Linuxカーネルが提供するcgroupsという機能を利用することで、リソース(CPU、メモリ、ブロックI/O、ネットワークなど)の制限と優先順位付けが可能になっており、そのために仮想マシンを使用する必要がない。また、名前空間の隔離英語版機能を利用すれば、アプリケーションから見たオペレーティング・システムの環境を完全に隔離することができるため、プロセスツリー、ネットワークユーザー識別子マウント英語版されたファイルシステムを仮想化することができる[2]
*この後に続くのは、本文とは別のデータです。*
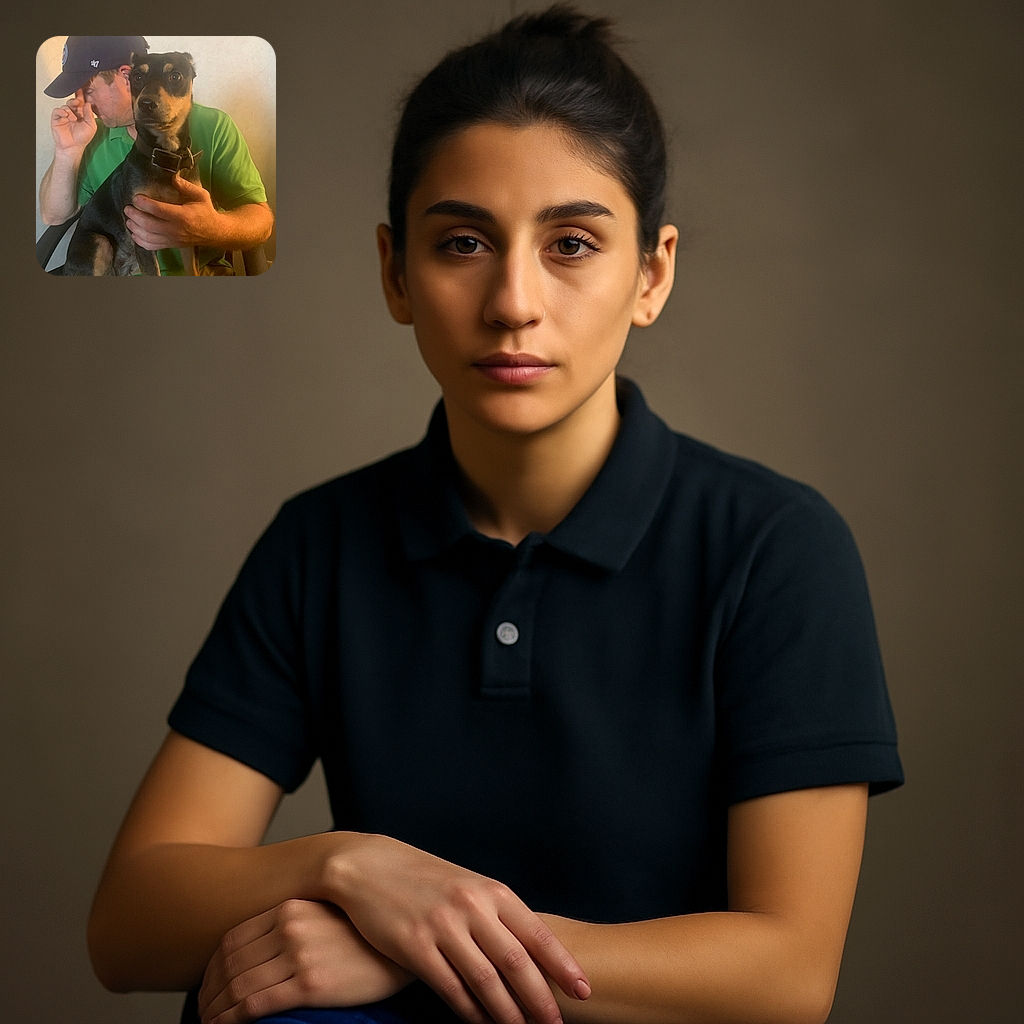 A man in a green polo and navy cap sits holding a serious-looking dog with a black and tan coat. The dog stares intently at the camera while the man looks away, seemingly adjusting his cap. The warm indoor lighting gives the scene a cozy, candid feel.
LXCはカーネルのcgroupsと隔離された名前空間のサポートを組み合わせることで、アプリケーションのために隔離された環境を提供する。初期のバージョンのDockerはLXCをコンテナ実行ドライバとして利用していたが、Docker v0.9ではオプションとなり、Docker v1.10でサポートが終了した[3]

概要

LXCは、Linuxカーネル 2.6.29から利用可能になったcgroupsに依存している。また、LXCは他の名前空間を隔離する機能にも依存しており、それらはLinuxカーネルのメインラインに統合されている。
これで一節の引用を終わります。